Party was noisier and steeped in the grimy Southern art-rock aesthetic of Lamkins and Gallimore's '90s-era band, the Grifters. Careful listeners may still hear traces of that when Lamkins' melodic bass lines wander across Gallimore's harder drumming, but this often sounds like a completely different band, with Matthews' vocals way up front.

"I wasn't happy with most of the first record, but I didn't intend to ever release it," Lamkins says. "What sucked about it was we'd started out using all our various old four-track cassette machines, primarily the one the Grifters used to record on, and then to add the vocal tracks I was transferring it to the computer. Well, I didn't really know what I was doing and learned along the way. So some of the songs, like 'If You Say So,' came out sounding horrible."

Galaxy isn't exactly a throwback, but it barely acknowledges that the last two (and sometimes three or four) decades ever happened. Side one's "Be in My Movie" sounds a little like early Guided by Voices, and "Cowcatcher" has a Pavement-like bounce to it. Lamkins' song "Sold" has been performed, in some version or another, by virtually every band he's been in and first appeared on the Paper Plates' first and only CD. Otherwise, this diverse collection of songs is a completely different trip through time and space, with unexpected hat-tips to epic rock acts like Queen."You can compare us to Sweet," Lamkins says.

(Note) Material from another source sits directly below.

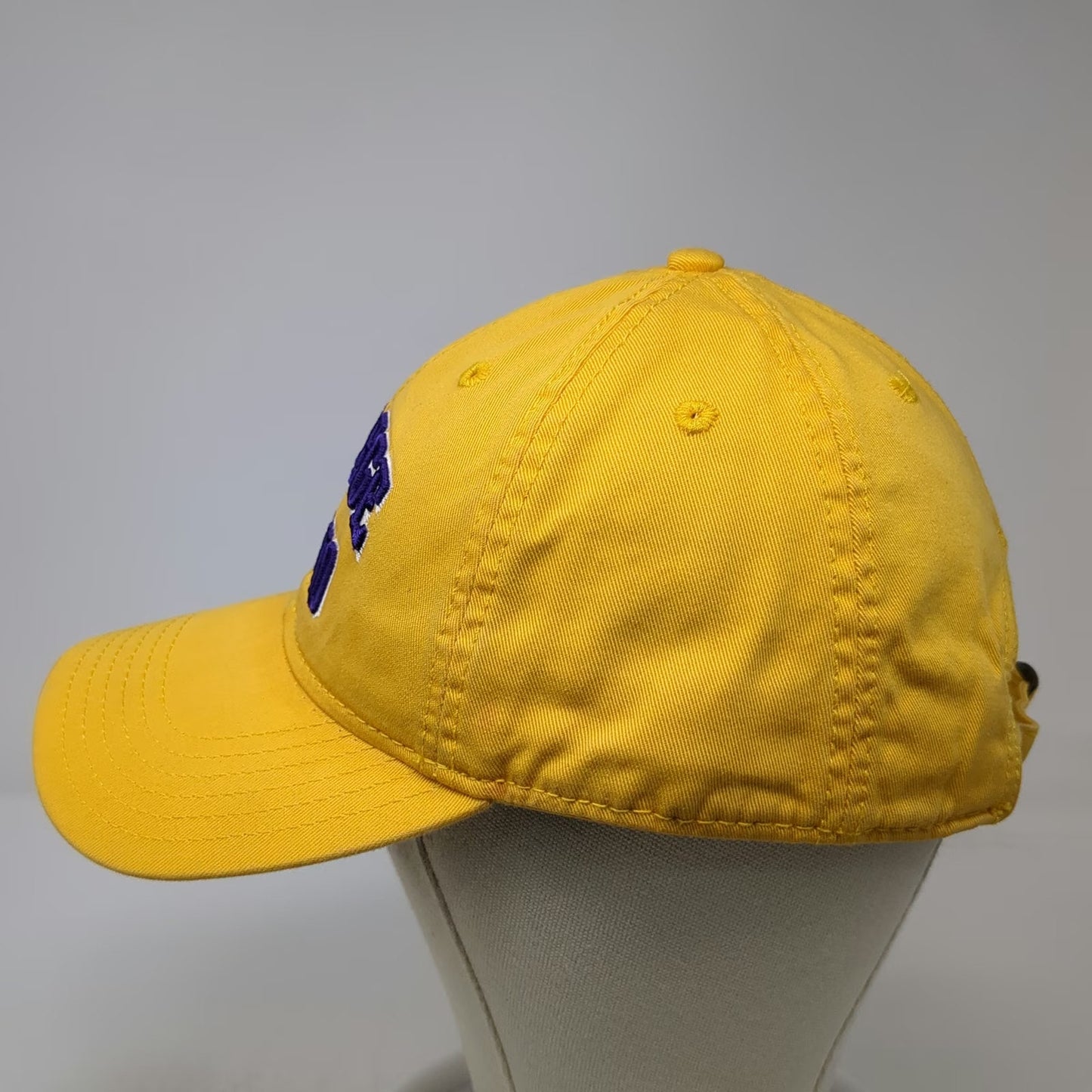 Legacy College of Idaho NCAA Yellow Cap One Size Hat Purple White Slideback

It's a joke, but if "Teenage Rampage" hadn't already been written, it's not hard to imagine Dragoon writing it.

Lamkins was reticent to switch over to an all-digital recording process, but his trusty four-track died and the leap was made. "It hasn't really been that big of a deal," he says. "In fact, I love it, and as a result, the new record just sounds so much better."

"Another thing: This record was really mastered," says Matthews, name-checking former Island Records A&R man Jesse Obstbaum, who released Galaxy on his indie label LA's Fine.

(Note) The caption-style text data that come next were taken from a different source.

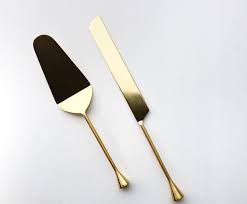 Rental Anthropologie Gold Cake Knife Server For Your Wedding Gold Cake Knife Wedding Cake Knife Set Gold Cake Knife Set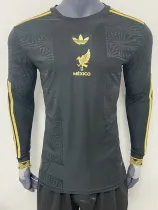 25/26 Mexico Golden Cup Black Player Version  Long Sleeve Soccer Jersey
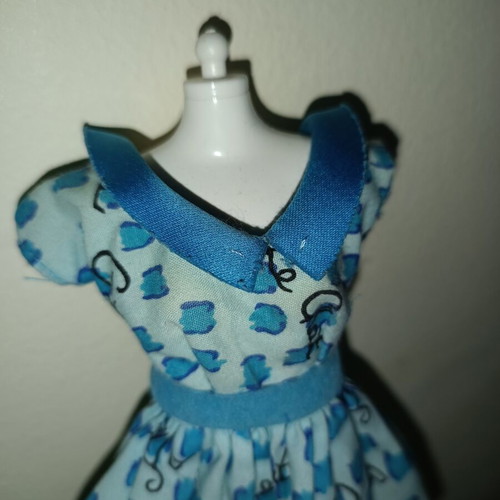Barbie Style dress, blue floral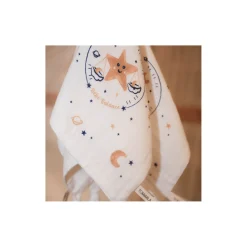 Tom&Mila Doudou Plat Astro Balance Blanc/Bleu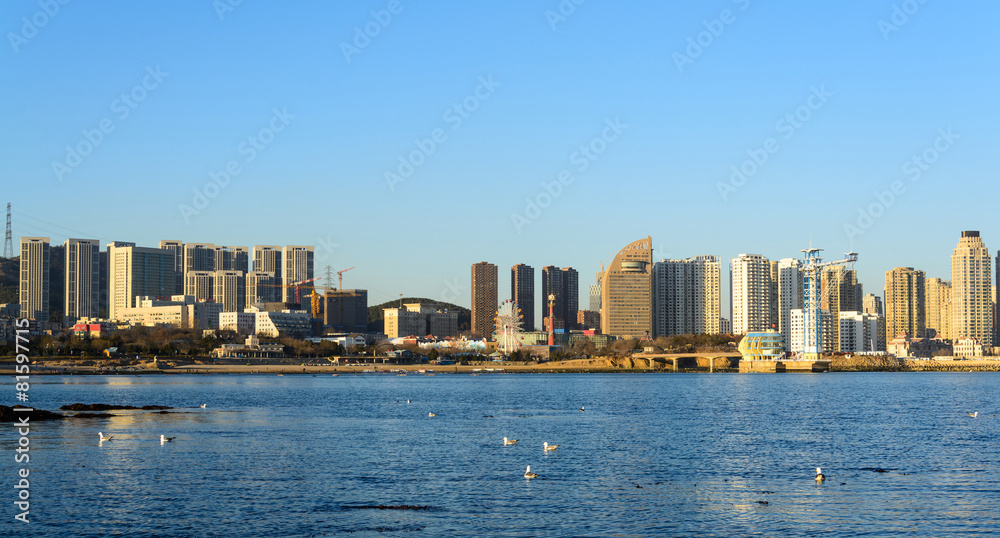 Obraz premium Dalian, China panorama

"Fortunately for us, Jesse is still in the business and knows some serious pros out in Cali," says Lamkins, who first met Obstbaum in the '90s when Island was flirting with the Grifters. "We're elated with the way the new record sounds."

This Galaxy Is but a Nursery was originally intended as a seven-song digital release but grew into a full LP.

"Jesse came back to us and said the EP was great, but the way the vinyl market works now you need bonus songs," Matthews says. In the scramble for material to fill side two, Dragoon ended up including a handful of cheerier-than-usual songs Matthews originally recorded for his personal Bandcamp page.

"I was initially dead set against using those songs," Matthews says of his personal material. "'Vicinity' is very much a romantic love song. But then Tripp would put them together and play them on the CD, and I could hear it."

"'Vicinity' is the greatest love song I've ever had the pleasure of being associated with," Lamkins says.